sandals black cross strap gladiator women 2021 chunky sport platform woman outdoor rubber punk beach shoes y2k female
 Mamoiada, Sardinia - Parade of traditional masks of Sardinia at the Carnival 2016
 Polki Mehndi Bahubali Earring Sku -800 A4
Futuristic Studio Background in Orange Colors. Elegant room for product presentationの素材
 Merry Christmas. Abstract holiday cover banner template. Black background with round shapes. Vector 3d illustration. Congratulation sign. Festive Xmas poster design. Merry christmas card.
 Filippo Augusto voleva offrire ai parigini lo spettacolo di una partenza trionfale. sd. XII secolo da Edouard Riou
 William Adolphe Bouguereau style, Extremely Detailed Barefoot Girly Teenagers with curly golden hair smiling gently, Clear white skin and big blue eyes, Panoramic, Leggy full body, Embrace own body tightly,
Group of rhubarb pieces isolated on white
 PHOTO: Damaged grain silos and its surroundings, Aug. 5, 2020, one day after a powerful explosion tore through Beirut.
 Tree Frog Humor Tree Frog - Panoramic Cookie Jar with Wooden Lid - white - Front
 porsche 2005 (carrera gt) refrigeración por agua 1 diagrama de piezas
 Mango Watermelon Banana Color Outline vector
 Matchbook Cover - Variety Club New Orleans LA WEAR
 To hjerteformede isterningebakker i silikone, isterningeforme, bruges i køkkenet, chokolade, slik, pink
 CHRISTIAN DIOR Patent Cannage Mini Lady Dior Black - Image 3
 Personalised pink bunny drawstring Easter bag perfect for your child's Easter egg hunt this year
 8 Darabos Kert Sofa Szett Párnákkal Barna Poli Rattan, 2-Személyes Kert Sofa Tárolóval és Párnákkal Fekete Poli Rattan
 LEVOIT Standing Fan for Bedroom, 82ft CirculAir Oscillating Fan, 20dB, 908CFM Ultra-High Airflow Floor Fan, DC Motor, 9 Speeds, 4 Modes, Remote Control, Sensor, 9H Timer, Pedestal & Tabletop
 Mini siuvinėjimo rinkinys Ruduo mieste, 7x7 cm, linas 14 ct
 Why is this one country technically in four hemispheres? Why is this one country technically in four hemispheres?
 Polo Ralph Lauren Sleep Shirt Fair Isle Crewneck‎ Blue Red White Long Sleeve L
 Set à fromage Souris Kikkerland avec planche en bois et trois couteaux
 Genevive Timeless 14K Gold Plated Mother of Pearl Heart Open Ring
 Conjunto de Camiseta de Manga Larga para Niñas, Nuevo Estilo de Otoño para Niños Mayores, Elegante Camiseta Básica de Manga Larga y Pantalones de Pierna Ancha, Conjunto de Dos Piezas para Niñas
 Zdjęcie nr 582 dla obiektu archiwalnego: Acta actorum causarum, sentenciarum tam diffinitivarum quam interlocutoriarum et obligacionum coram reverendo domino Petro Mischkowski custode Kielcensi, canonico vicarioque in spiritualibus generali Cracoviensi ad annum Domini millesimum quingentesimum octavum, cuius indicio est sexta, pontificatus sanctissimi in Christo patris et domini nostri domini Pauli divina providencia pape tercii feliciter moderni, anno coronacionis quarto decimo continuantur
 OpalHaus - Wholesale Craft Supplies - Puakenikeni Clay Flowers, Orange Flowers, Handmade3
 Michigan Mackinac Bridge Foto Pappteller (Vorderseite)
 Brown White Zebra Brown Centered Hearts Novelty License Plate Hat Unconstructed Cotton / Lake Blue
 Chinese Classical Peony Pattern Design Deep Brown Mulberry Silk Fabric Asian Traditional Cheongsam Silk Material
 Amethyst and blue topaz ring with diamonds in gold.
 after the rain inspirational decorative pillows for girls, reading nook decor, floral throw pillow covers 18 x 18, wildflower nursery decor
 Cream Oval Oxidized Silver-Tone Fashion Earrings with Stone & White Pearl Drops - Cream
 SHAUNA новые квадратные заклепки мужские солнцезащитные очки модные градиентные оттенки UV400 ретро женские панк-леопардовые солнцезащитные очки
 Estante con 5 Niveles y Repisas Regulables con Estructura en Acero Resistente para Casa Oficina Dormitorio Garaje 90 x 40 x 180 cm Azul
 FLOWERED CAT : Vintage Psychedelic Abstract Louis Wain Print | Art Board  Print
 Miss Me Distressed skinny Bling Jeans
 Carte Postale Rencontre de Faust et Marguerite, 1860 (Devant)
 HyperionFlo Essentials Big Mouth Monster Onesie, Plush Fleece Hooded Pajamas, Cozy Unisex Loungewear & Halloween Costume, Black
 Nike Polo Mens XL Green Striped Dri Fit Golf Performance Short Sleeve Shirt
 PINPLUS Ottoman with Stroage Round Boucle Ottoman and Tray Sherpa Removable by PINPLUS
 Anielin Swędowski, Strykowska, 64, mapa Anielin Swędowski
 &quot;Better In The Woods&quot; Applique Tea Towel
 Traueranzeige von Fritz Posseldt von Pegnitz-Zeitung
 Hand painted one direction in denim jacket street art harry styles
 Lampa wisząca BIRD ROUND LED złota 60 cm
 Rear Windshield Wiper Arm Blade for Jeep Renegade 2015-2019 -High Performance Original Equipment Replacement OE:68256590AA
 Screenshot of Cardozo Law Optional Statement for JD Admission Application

==================================================

All of the records above must be reproduced exactly.

sandals black cross strap gladiator women 2021 chunky sport platform woman outdoor rubber punk beach shoes y2k female
 Mamoiada, Sardinia - Parade of traditional masks of Sardinia at the Carnival 2016
 Polki Mehndi Bahubali Earring Sku -800 A4
Futuristic Studio Background in Orange Colors. Elegant room for product presentationの素材
 Merry Christmas. Abstract holiday cover banner template. Black background with round shapes. Vector 3d illustration. Congratulation sign. Festive Xmas poster design. Merry christmas card.
 Filippo Augusto voleva offrire ai parigini lo spettacolo di una partenza trionfale. sd. XII secolo da Edouard Riou
 William Adolphe Bouguereau style, Extremely Detailed Barefoot Girly Teenagers with curly golden hair smiling gently, Clear white skin and big blue eyes, Panoramic, Leggy full body, Embrace own body tightly,
Group of rhubarb pieces isolated on white
 PHOTO: Damaged grain silos and its surroundings, Aug. 5, 2020, one day after a powerful explosion tore through Beirut.
 Tree Frog Humor Tree Frog - Panoramic Cookie Jar with Wooden Lid - white - Front
 porsche 2005 (carrera gt) refrigeración por agua 1 diagrama de piezas
 Mango Watermelon Banana Color Outline vector
 Matchbook Cover - Variety Club New Orleans LA WEAR
 To hjerteformede isterningebakker i silikone, isterningeforme, bruges i køkkenet, chokolade, slik, pink
 CHRISTIAN DIOR Patent Cannage Mini Lady Dior Black - Image 3
 Personalised pink bunny drawstring Easter bag perfect for your child's Easter egg hunt this year
 8 Darabos Kert Sofa Szett Párnákkal Barna Poli Rattan, 2-Személyes Kert Sofa Tárolóval és Párnákkal Fekete Poli Rattan
 LEVOIT Standing Fan for Bedroom, 82ft CirculAir Oscillating Fan, 20dB, 908CFM Ultra-High Airflow Floor Fan, DC Motor, 9 Speeds, 4 Modes, Remote Control, Sensor, 9H Timer, Pedestal & Tabletop
 Mini siuvinėjimo rinkinys Ruduo mieste, 7x7 cm, linas 14 ct
 Why is this one country technically in four hemispheres? Why is this one country technically in four hemispheres?
 Polo Ralph Lauren Sleep Shirt Fair Isle Crewneck‎ Blue Red White Long Sleeve L
 Set à fromage Souris Kikkerland avec planche en bois et trois couteaux
 Genevive Timeless 14K Gold Plated Mother of Pearl Heart Open Ring
 Conjunto de Camiseta de Manga Larga para Niñas, Nuevo Estilo de Otoño para Niños Mayores, Elegante Camiseta Básica de Manga Larga y Pantalones de Pierna Ancha, Conjunto de Dos Piezas para Niñas
 Zdjęcie nr 582 dla obiektu archiwalnego: Acta actorum causarum, sentenciarum tam diffinitivarum quam interlocutoriarum et obligacionum coram reverendo domino Petro Mischkowski custode Kielcensi, canonico vicarioque in spiritualibus generali Cracoviensi ad annum Domini millesimum quingentesimum octavum, cuius indicio est sexta, pontificatus sanctissimi in Christo patris et domini nostri domini Pauli divina providencia pape tercii feliciter moderni, anno coronacionis quarto decimo continuantur
 OpalHaus - Wholesale Craft Supplies - Puakenikeni Clay Flowers, Orange Flowers, Handmade3
 Michigan Mackinac Bridge Foto Pappteller (Vorderseite)
 Brown White Zebra Brown Centered Hearts Novelty License Plate Hat Unconstructed Cotton / Lake Blue
 Chinese Classical Peony Pattern Design Deep Brown Mulberry Silk Fabric Asian Traditional Cheongsam Silk Material
 Amethyst and blue topaz ring with diamonds in gold.
 after the rain inspirational decorative pillows for girls, reading nook decor, floral throw pillow covers 18 x 18, wildflower nursery decor
 Cream Oval Oxidized Silver-Tone Fashion Earrings with Stone & White Pearl Drops - Cream
 SHAUNA новые квадратные заклепки мужские солнцезащитные очки модные градиентные оттенки UV400 ретро женские панк-леопардовые солнцезащитные очки
 Estante con 5 Niveles y Repisas Regulables con Estructura en Acero Resistente para Casa Oficina Dormitorio Garaje 90 x 40 x 180 cm Azul
 FLOWERED CAT : Vintage Psychedelic Abstract Louis Wain Print | Art Board  Print
 Miss Me Distressed skinny Bling Jeans
 Carte Postale Rencontre de Faust et Marguerite, 1860 (Devant)
 HyperionFlo Essentials Big Mouth Monster Onesie, Plush Fleece Hooded Pajamas, Cozy Unisex Loungewear & Halloween Costume, Black
 Nike Polo Mens XL Green Striped Dri Fit Golf Performance Short Sleeve Shirt
 PINPLUS Ottoman with Stroage Round Boucle Ottoman and Tray Sherpa Removable by PINPLUS
 Anielin Swędowski, Strykowska, 64, mapa Anielin Swędowski
 &quot;Better In The Woods&quot; Applique Tea Towel
 Traueranzeige von Fritz Posseldt von Pegnitz-Zeitung
 Hand painted one direction in denim jacket street art harry styles
 Lampa wisząca BIRD ROUND LED złota 60 cm
 Rear Windshield Wiper Arm Blade for Jeep Renegade 2015-2019 -High Performance Original Equipment Replacement OE:68256590AA
 Screenshot of Cardozo Law Optional Statement for JD Admission Application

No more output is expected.